PROBLEM REQUIREMENTS
Look below for the line with "バストアップをしたい！バスト" and the line with "Lot #3310388023 2011 TOYOTA CAMRY BASE". Copy exactly those two lines and every line between, but not the pictures.

DATA FOR THIS EXERCISE
BEGIN
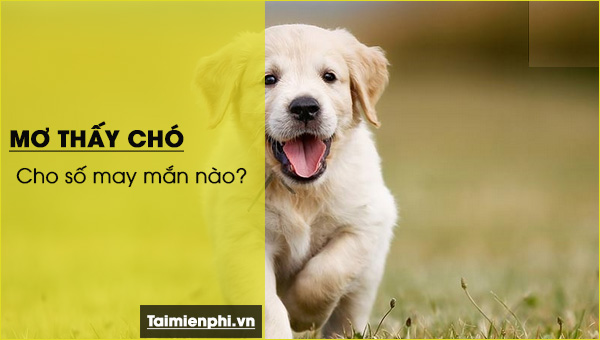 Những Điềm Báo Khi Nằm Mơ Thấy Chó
END
BEGIN
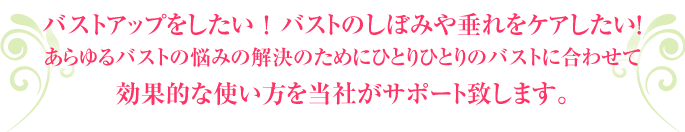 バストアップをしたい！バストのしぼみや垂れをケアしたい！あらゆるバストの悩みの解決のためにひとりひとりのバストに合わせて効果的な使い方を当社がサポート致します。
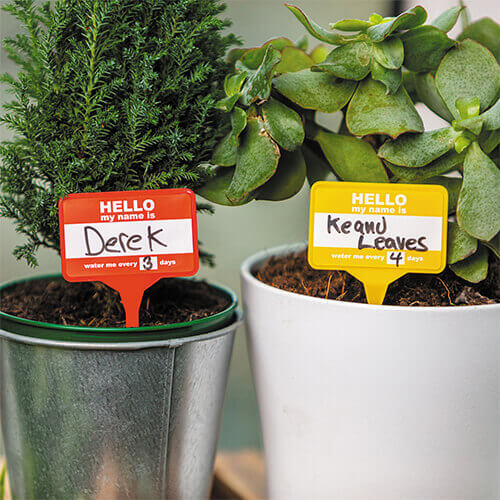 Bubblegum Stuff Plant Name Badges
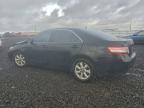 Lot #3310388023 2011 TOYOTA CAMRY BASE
END
BEGIN
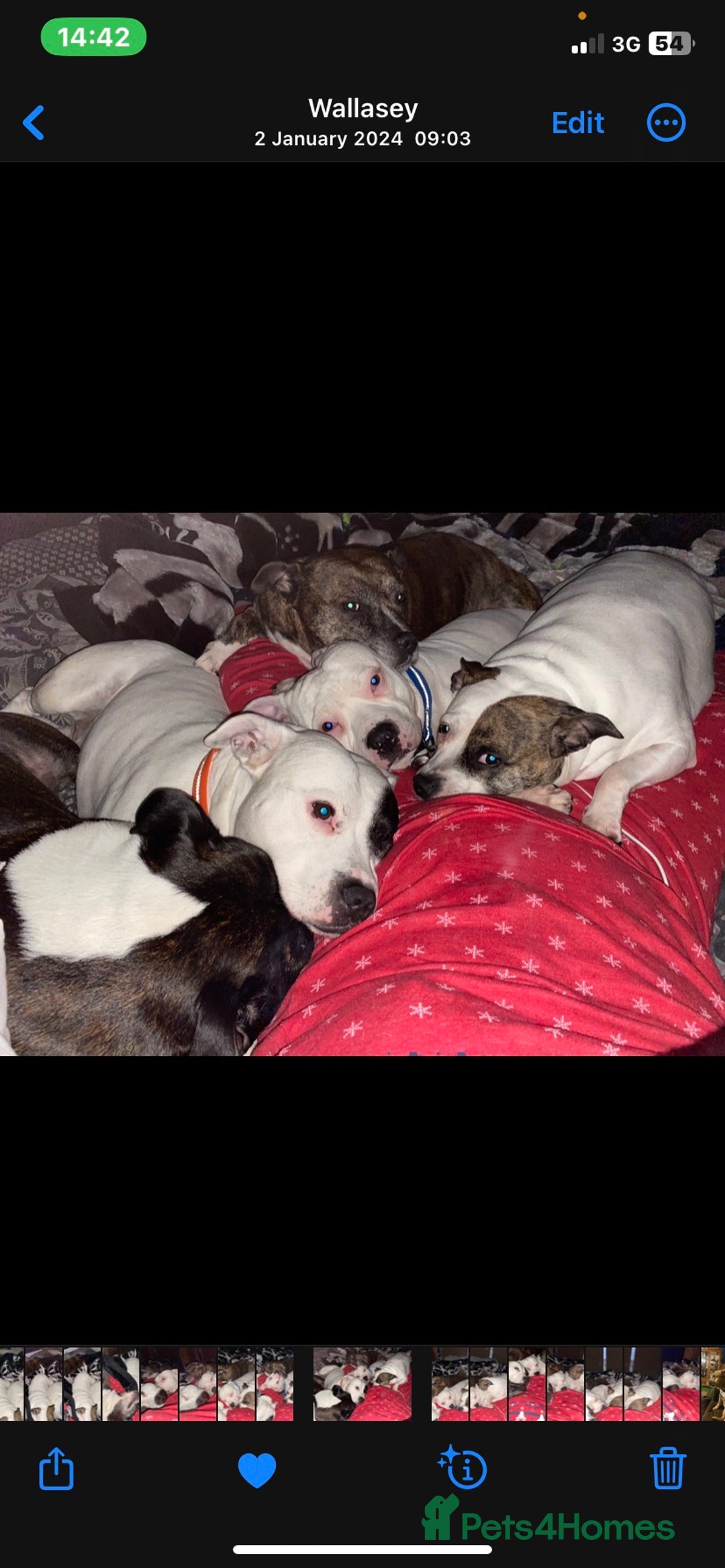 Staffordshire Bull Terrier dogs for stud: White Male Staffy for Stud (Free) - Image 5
END
ANSWER TO THIS TASK
 バストアップをしたい！バストのしぼみや垂れをケアしたい！あらゆるバストの悩みの解決のためにひとりひとりのバストに合わせて効果的な使い方を当社がサポート致します。
 Bubblegum Stuff Plant Name Badges
 Lot #3310388023 2011 TOYOTA CAMRY BASE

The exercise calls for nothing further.